Production of the 2015 Chevrolet Volt will stop at the end of May. General Motors seeks to cut its stockpiles in the U.S. and aims to begin the manufacture of a redesigned version of the plug-in hybrid later this summer. GM spokeswoman Michelle Malcho cited many reasons for the suspension. These include engineering changes, plant renovations, and sales that failed to meet expectations.
In 2014, Volt sales in the U.S. fell 19% with only 18,805 units sold. Deliveries during the first quarter of 2015 were 48% lower with just 1,874 units sold. On April 1, there were 5,400 Volts held by Chevrolet dealerships. At the existing sale rate, these stocks will last 211 days, the Automotive News Data Center revealed.

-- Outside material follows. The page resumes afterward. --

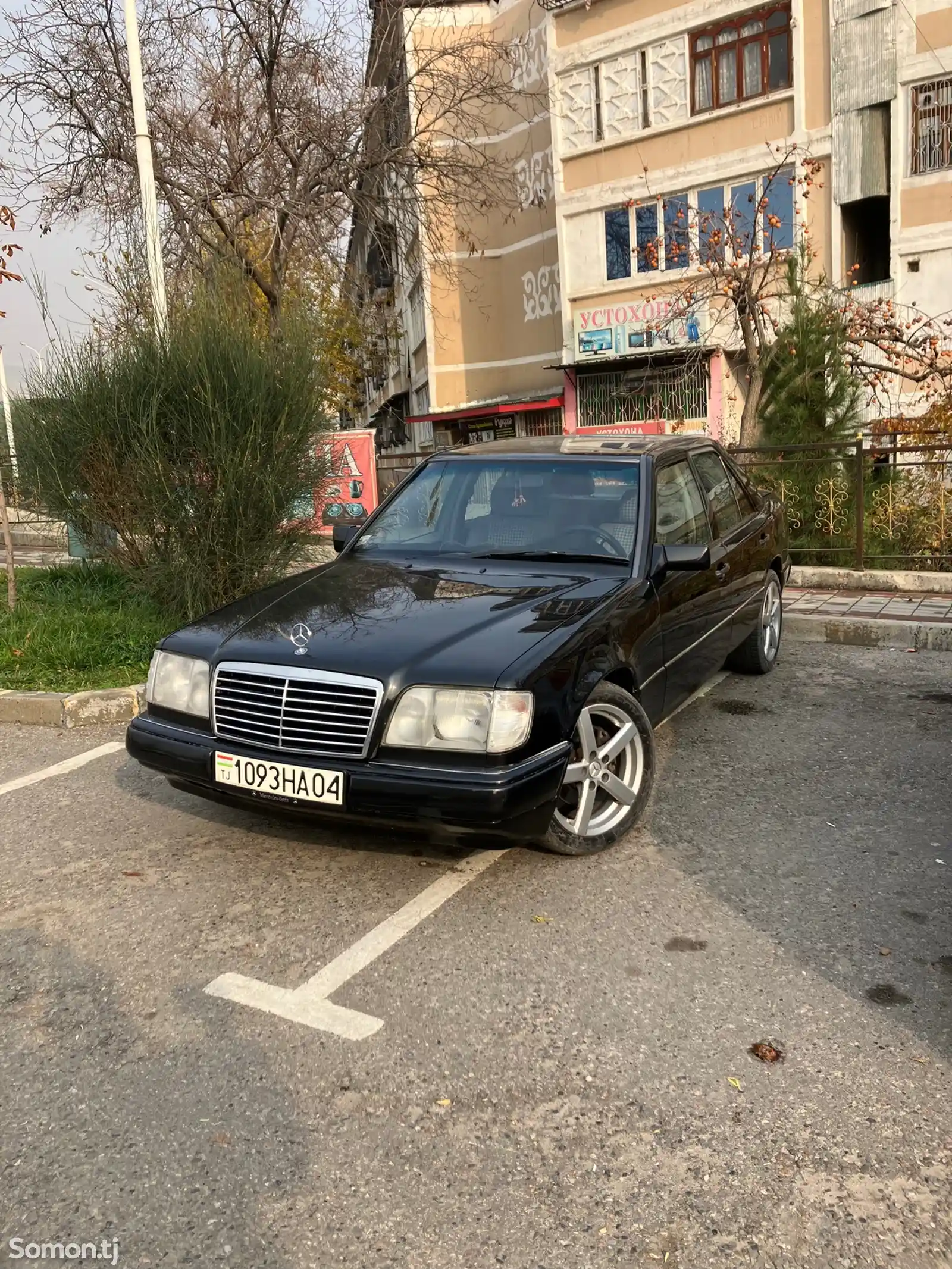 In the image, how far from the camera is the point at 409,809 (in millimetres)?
3492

A report from The Wall Street Journal actually talked about the production change even earlier. GM’s Detroit-Hamtramck plant builds the model. While Volt production is suspended, the plant will continue the production of the Chevrolet Malibu, Chevrolet Impala, Cadillac ELR and Opel Ampera. Later this year, this plant will start production of the Cadillac CT6 luxury sedan after it resumes Volt production.
It was in January at the Detroit auto show that Chevrolet introduced the redesigned, second-generation Volt. Powering the 2016 model is a new 1.5-liter engine. The first-generation model is equipped with a 1.4- liter engine.
Fans will love the fact that the next Volt will feature a bigger and more powerful gasoline engine as well as a more compact but more powerful battery pack. On the initial charge, it will have a 50-mile electric driving range – an improvement over the 2015 model that has a 38-mile range.
In a Reuters report in April 2014, GM revealed that it is offering two 2016 Volt options -- a standard edition and a low-cost version.
The standard Volt will be priced comparably to the current model at slightly under $35,000. It boasts a range of 380 miles. Priced at slightly more than $30,000, the more affordable edition can likely have a range of less than 300 miles.